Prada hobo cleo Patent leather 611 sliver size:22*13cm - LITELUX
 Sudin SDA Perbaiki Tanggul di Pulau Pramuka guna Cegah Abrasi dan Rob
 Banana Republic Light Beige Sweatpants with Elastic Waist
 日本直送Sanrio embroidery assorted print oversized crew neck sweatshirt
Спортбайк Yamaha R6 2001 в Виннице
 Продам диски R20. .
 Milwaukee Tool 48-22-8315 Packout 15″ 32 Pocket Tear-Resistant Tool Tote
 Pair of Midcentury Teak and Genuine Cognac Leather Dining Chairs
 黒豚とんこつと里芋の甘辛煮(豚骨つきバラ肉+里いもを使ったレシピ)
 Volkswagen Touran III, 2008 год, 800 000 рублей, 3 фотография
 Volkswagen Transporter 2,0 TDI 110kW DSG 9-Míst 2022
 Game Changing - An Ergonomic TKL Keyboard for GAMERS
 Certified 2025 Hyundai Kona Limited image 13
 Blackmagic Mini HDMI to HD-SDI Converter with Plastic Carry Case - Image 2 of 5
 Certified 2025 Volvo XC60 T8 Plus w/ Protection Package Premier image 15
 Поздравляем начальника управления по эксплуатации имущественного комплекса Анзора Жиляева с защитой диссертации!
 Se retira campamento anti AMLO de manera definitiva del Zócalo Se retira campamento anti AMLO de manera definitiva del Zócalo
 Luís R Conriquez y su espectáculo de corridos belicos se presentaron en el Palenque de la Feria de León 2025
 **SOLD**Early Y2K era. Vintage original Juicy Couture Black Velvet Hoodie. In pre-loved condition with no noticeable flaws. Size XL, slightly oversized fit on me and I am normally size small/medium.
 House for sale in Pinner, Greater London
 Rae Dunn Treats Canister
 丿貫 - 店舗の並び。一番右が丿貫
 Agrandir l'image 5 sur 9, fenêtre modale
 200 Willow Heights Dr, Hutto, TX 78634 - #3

WHAT TO DO -
Your reply is to repeat, unchanged, the lines above running from the one with "Banana Republic Light" up to and including the one with "Certified 2025 Volvo".

EXERCISE SOLUTION -
 Banana Republic Light Beige Sweatpants with Elastic Waist
 日本直送Sanrio embroidery assorted print oversized crew neck sweatshirt
Спортбайк Yamaha R6 2001 в Виннице
 Продам диски R20. .
 Milwaukee Tool 48-22-8315 Packout 15″ 32 Pocket Tear-Resistant Tool Tote
 Pair of Midcentury Teak and Genuine Cognac Leather Dining Chairs
 黒豚とんこつと里芋の甘辛煮(豚骨つきバラ肉+里いもを使ったレシピ)
 Volkswagen Touran III, 2008 год, 800 000 рублей, 3 фотография
 Volkswagen Transporter 2,0 TDI 110kW DSG 9-Míst 2022
 Game Changing - An Ergonomic TKL Keyboard for GAMERS
 Certified 2025 Hyundai Kona Limited image 13
 Blackmagic Mini HDMI to HD-SDI Converter with Plastic Carry Case - Image 2 of 5
 Certified 2025 Volvo XC60 T8 Plus w/ Protection Package Premier image 15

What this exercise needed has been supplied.